The dark places.
The places where we land in a heap when life’s events toss us about like a small boat on a raging sea.
Yeah, these places.
I refer to mine as The Pit and I don’t do so as a cutesy, warm and fuzzy feeling name. No. I loathe the place. The Pit is terrifying and abysmally lonely. It is a place where I almost feel unreachable. Almost.
Your Pit may have a different name or it may have no name at all. Nonetheless, I would assume you’ve been there, in the dark places.
When we belong to the human race, the dark places kind of come with the territory. Indeed, you’ll be parked there at least one time in your life — sadly, I would assume many more times.
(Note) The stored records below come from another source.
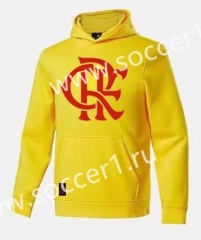 2023-2024 Flamengo Yellow Thailand Soccer Tracksuit Top With Hat-7411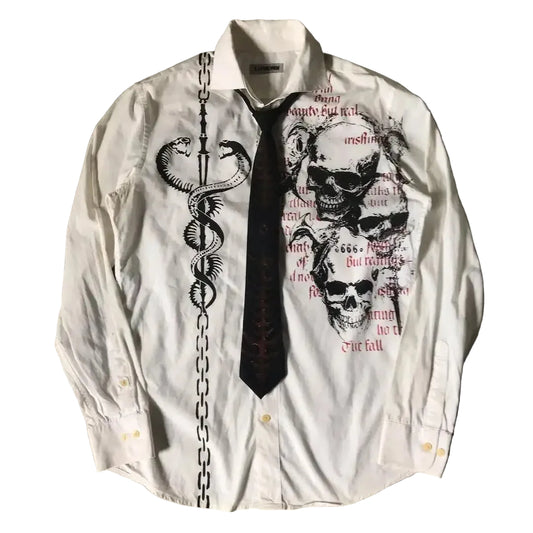 SKULL COLLARED TEE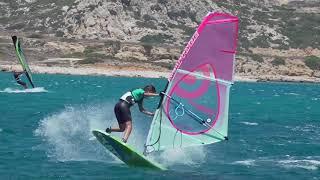 Windsurfing First Vulcan at 12 years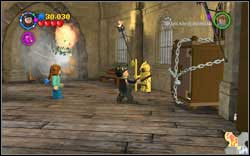 During the dragon escape scene, inside the locked wardrobe on the right in the third room - Bonuses - Year 4 - Walkthrough - LEGO Harry Potter: Years 1-4 - Game Guide and Walkthrough
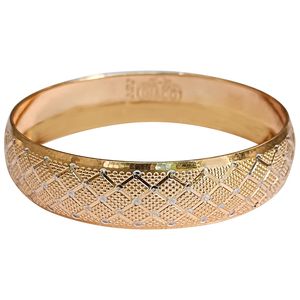 النگو طلا 18 عیار زنانه گالری طلای ونوسام مدل تک پوش دیاکو کد 1019s4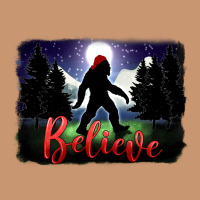 Bigfoot Believe Christmas Heavyweight Hoodie | Teevron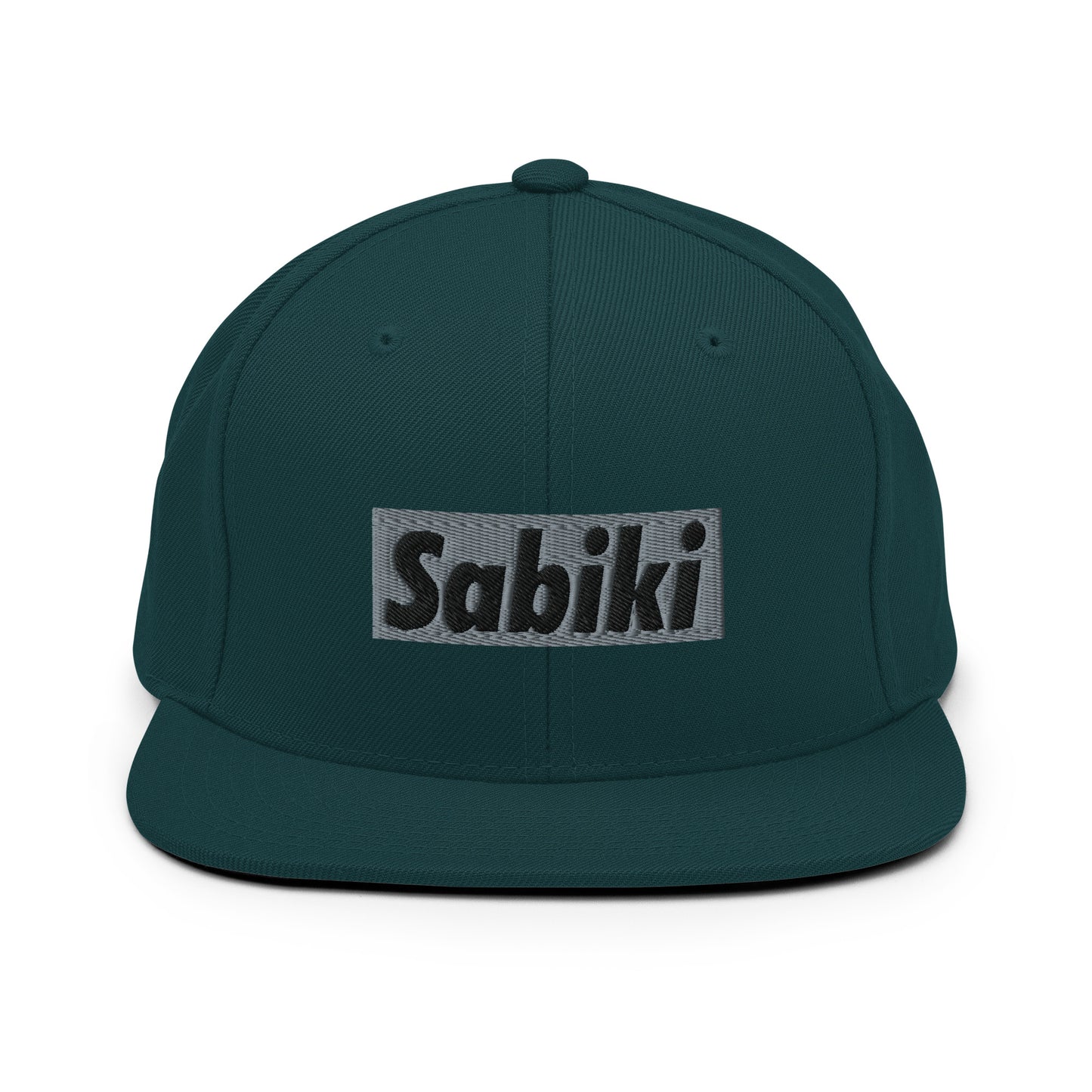 Silver Sabiki Box Snapback Hat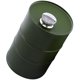 thumbnail image 3 of Barril de vino Barrel matador de acero inoxidable forma de tambor de gasolina recipiente para matrac, 3 of 4
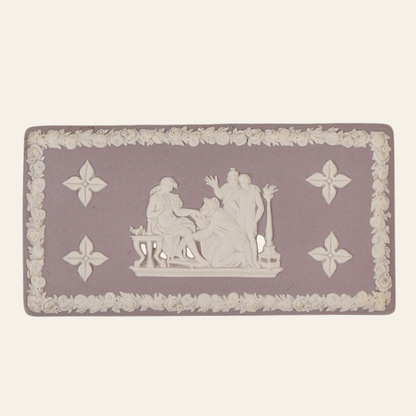 Lilac Vintage Wedgwood Rectangular Trinket Box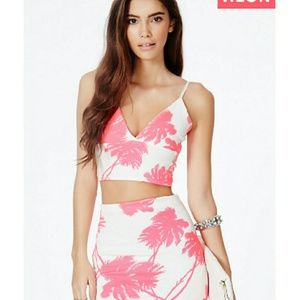 Missguided two piece set size 10, a Medium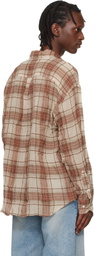 HOPE Brown Wide-Fit Shirt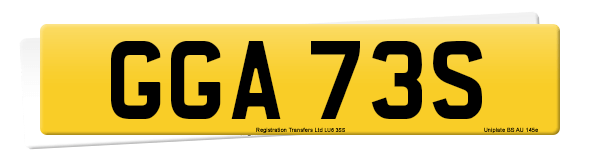 Registration number GGA 73S
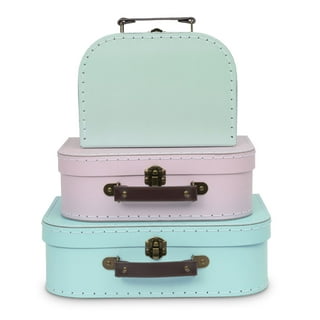 Set of 4 Round Nesting Gift Boxes with Lids, Small Circular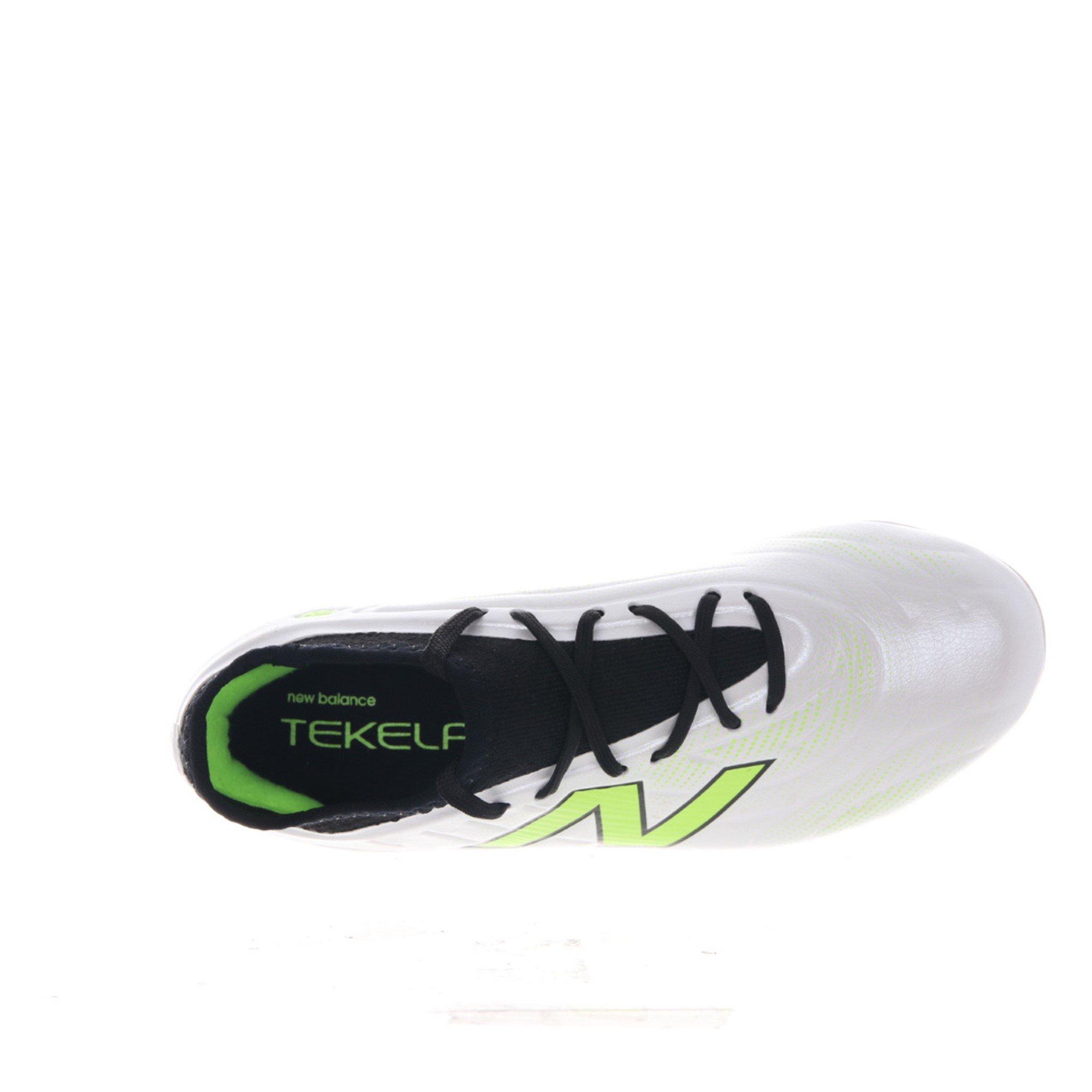 New Balance Tekela Academy Juniors Firm Ground Football Boots White/Green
A trip to the dark places can be blessedly short or mercilessly much longer.
The Dark Places
I still remember too vividly two descents into the depth of the dark abyss I call The Pit. I am sure there were others but none marked me with such depth as these two events. None changed me as radically as these either.
They branded me.
They ravaged deep furrows onto my soul.
My first plunge into the dark places took place after the death of our daughter.
My First Trip Into The Pit
Looking back, the fact the kids were lovingly cared for and that my remaining duties of wife and mother did not go by the wayside is an amazing feat. One I should be proud of for sure.
My grief was raw and all-encompassing. It was made all the more painful by an absolute lack of support from those whom we expected to have our backs.
I also suffered from a tortuous guilt which was unrelenting. Not because we had done anything wrong — the doctors had told us that much — but because I was heavily buried in the “if onlys” and the “I should haves.”
It did not help when a misinformed family member, who displayed much passive anger toward me, when confronted told me: “I am okay with her being dead. I am not okay with your choices.”
To say these words crushed me would be an understatement. This declaration added shame to my guilt. A terrible combination. As a result, I was rendered unable to reach out for help.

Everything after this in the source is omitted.